→ **WHAT TO DO**: Only a slice of the listing below is wanted. Retype the lines from the one containing "LÖWE LEO STERNZEICHEN" through the one containing "thumbnail image 3", exactly, both ends included.

[Opening EXTRACTED DATA section]

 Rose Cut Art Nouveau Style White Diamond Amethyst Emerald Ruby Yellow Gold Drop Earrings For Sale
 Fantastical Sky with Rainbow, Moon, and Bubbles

[Closing EXTRACTED DATA section]
[Opening EXTRACTED DATA section]

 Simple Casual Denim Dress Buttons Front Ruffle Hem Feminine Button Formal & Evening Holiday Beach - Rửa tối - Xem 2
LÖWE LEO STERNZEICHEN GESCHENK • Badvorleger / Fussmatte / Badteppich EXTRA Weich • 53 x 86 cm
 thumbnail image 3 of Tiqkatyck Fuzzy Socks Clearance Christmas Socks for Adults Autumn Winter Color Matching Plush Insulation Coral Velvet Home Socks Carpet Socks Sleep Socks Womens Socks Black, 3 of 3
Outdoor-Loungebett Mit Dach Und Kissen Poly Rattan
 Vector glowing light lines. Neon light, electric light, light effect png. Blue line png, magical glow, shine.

[Closing EXTRACTED DATA section]

→ **RESPONSE AREA**:
LÖWE LEO STERNZEICHEN GESCHENK • Badvorleger / Fussmatte / Badteppich EXTRA Weich • 53 x 86 cm
 thumbnail image 3 of Tiqkatyck Fuzzy Socks Clearance Christmas Socks for Adults Autumn Winter Color Matching Plush Insulation Coral Velvet Home Socks Carpet Socks Sleep Socks Womens Socks Black, 3 of 3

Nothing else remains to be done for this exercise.